¡Querida amiga! En cuanto a la «defensa de la patria», no sé si entre nosotros existen divergencias o no. Usted encuentra una contradicción entre mi artículo en el volumen «En memoria de Marx»** y mis declaraciones actuales, sin citar con exactitud ni unos ni otros. Me es imposible responder a esa indicación. No tengo el volumen «En memoria de Marx». Recordar literalmente lo que allí escribí, por supuesto, no podía. Sin citas precisas, de entonces y de ahora, no estoy en condiciones de responder a semejante argumento por su parte.

Hablando en general, me parece que usted razona de un modo un tanto unilateral y formalista. Ha tomado una cita del «Manifiesto Comunista» (los obreros no tienen patria) y quiere, por así decirlo, aplicarla sin reservas, hasta llegar a negar las guerras nacionales.

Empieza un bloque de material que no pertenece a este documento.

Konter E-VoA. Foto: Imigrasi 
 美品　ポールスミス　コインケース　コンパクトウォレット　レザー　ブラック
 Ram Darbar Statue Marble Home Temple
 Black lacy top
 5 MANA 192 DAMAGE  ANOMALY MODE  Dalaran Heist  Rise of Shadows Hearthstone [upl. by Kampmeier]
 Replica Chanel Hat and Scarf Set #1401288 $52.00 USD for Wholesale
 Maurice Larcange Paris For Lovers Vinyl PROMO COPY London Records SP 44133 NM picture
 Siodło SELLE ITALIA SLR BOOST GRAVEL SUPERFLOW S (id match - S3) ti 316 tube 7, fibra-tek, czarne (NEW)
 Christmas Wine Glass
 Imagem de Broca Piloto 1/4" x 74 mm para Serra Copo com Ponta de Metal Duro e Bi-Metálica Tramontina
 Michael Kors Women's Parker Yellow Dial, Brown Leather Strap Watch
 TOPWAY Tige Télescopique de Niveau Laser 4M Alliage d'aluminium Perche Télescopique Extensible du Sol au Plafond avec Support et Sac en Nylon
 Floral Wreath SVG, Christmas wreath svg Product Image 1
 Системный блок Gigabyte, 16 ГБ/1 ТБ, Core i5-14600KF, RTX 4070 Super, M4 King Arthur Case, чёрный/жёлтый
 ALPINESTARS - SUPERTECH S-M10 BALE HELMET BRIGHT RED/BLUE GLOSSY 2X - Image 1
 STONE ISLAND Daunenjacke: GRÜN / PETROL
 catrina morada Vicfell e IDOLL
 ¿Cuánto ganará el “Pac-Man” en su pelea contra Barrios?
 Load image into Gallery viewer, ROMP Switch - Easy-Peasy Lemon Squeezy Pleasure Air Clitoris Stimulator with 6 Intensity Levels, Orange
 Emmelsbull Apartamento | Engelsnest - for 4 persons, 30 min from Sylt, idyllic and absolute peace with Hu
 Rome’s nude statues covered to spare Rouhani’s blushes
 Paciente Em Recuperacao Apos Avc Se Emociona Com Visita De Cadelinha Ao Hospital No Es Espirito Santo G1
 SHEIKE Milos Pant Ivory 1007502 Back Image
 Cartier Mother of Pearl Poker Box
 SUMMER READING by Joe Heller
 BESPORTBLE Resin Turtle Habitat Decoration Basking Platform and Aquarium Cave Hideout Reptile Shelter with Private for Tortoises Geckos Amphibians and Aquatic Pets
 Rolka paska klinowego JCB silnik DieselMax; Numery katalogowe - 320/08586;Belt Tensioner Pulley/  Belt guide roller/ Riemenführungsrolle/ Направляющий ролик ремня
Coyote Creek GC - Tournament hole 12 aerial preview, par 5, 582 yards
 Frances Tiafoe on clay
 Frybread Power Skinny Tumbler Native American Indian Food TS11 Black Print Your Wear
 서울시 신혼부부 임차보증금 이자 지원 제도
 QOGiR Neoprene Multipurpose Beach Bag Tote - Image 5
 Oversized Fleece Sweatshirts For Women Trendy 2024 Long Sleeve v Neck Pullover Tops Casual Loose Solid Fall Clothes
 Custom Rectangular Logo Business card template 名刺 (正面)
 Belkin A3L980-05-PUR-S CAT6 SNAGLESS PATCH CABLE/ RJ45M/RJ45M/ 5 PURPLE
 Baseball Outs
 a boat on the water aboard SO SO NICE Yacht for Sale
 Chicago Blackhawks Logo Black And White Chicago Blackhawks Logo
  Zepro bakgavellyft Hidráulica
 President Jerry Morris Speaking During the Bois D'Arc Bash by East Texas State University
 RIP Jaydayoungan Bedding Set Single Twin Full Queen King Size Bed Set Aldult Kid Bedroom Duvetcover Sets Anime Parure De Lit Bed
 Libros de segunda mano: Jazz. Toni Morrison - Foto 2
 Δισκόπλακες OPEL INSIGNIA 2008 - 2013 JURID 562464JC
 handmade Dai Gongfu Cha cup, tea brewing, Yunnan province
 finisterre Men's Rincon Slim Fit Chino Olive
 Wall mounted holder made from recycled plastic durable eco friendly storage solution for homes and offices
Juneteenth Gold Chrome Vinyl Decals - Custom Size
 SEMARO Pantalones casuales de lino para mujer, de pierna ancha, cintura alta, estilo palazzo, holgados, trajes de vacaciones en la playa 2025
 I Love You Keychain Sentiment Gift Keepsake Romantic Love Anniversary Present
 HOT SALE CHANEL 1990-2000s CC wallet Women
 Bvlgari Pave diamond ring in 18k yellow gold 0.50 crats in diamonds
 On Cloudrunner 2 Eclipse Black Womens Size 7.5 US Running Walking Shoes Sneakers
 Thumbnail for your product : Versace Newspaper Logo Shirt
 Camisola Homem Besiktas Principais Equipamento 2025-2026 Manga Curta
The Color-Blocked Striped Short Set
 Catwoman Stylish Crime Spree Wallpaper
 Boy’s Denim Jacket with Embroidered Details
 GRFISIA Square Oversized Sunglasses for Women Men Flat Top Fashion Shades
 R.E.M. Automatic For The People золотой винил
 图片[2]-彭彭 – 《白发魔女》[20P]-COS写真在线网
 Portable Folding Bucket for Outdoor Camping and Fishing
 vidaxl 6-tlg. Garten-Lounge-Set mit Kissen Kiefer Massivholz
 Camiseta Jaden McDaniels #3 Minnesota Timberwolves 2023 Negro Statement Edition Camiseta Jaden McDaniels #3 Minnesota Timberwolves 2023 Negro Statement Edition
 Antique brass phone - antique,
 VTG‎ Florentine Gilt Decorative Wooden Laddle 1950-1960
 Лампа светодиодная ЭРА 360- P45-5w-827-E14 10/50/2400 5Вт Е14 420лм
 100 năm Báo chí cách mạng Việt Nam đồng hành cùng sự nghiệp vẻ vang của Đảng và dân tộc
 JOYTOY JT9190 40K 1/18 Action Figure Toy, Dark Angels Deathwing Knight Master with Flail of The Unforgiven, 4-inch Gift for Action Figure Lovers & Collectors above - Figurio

Todo el espíritu del marxismo, todo su sistema, exige que cada tesis sea examinada únicamente (a) de manera histórica; (b) sólo en conexión con otras; (c) sólo en conexión con la experiencia concreta de la historia.

La patria es un concepto histórico. Una cosa es la patria en la época —o, más exactamente, en el momento— de la lucha por derrocar la opresión nacional. Otra cosa en el momento en que los movimientos nacionales han quedado muy atrás. Para los «3 tipos de países» (§ 6 de nuestras tesis sobre la autodeterminación)*, la tesis sobre la patria y su defensa no puede aplicarse de la misma manera en todas las condiciones.

En el «Manifiesto Comunista» se dice que los obreros no tienen patria.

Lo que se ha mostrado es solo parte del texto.